No group I have been a part of has ever worried about the number of encounters each day, as the number of encounters tends to vary based on the storyline put forth by the GM, and the tactical considerations of the party.

In fact, not knowing how many encounters may be ahead means that the casting classes have to be much more vigilant than mapping only 4 fights, and that stuff like healing becomes a pace issue for the Healers, and stuff like when to 'drop the Fireball' becomes much more significant than 1/Combat by default.

Obviously this is all bent towards campaign play, which was probably made in a sandbox, and would probably not gel cleanly with the published AP's for example.

Personally, I like this approach as it means the players have to think carefully about their choices, and it tends to mean that they build more 3 dimensional characters than one trick ponies or 'ultra-specialists'.

Yes it also makes the game a lot harder, and initially some players who aren't used to the concept can balk a little (as they expect to need XYZ items to survive) but after a short while they have loads of fun - been doing this since the 80's with a lot of groups, and so far nothing has derailed.

Play the flavour that suits you, and if thats high magic then so be it... but just bear in mind that both systems work, and both systems are equally valid (I just like mine more :p)


*Sigh.*

The encounter limit is not about story, it's about when people start dying brutally and in vast quantities.

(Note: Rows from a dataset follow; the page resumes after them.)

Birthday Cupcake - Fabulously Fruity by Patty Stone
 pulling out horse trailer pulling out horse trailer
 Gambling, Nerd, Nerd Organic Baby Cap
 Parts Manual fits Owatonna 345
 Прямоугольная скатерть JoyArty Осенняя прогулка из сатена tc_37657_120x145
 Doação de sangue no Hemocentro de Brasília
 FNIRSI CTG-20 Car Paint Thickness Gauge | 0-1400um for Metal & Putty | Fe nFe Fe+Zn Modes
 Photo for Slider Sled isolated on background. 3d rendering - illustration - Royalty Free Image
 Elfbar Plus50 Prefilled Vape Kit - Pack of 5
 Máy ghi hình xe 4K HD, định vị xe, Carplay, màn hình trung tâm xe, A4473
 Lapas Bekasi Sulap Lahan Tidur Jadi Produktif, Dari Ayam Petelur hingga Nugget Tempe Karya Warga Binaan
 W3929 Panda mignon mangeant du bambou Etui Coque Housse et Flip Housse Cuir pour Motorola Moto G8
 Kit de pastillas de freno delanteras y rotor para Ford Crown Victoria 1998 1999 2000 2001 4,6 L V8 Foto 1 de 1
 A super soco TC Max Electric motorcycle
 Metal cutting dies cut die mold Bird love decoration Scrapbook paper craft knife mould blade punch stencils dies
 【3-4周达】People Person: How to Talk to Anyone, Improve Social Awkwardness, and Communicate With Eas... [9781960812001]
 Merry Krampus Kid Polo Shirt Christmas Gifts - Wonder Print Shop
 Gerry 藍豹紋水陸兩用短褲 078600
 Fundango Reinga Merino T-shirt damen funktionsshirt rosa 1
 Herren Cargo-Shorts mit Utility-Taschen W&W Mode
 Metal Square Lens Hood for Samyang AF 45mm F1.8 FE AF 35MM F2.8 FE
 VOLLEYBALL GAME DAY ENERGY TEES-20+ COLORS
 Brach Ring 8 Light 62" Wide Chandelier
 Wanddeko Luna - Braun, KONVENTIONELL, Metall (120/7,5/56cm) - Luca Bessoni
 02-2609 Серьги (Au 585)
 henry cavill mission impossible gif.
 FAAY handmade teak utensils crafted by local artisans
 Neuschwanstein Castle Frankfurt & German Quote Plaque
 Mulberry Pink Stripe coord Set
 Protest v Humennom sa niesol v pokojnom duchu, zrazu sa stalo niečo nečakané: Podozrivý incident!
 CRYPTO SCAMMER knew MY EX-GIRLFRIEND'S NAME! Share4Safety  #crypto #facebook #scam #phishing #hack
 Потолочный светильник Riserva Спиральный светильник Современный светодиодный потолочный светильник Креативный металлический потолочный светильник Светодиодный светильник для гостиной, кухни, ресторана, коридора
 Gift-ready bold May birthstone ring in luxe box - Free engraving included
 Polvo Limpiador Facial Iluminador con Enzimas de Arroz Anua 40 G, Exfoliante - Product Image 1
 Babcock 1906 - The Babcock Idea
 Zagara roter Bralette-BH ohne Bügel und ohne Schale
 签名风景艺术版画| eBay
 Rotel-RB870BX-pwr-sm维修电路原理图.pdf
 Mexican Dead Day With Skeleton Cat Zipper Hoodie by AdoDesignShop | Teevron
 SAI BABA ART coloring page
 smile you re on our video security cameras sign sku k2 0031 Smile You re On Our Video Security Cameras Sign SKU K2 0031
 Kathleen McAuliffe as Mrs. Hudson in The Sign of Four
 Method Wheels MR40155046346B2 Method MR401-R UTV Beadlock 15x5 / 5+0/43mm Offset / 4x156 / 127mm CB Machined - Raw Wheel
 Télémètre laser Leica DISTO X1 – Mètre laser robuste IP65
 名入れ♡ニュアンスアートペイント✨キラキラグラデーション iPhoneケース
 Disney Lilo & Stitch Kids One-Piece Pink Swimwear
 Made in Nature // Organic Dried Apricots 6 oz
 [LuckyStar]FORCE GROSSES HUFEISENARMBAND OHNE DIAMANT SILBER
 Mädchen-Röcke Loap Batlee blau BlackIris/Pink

It's not about uber-specialists who only do one thing, and in fact, those tend to fare worst, as even one encounter where their one trick or specialty is inapplicable can kill them. You're ascribing traits that have absolutely nothing to do with anything that anyone has ever said in this entire thread.

Axing magic items entirely is not simply a different system. It's annihilating a major aspect of the game. If you simply said, "I think characters with a hundred hit points are unrealistic, so I'll just stop giving characters hit points after level one," that would be as massive a shift in the game as removing magic items.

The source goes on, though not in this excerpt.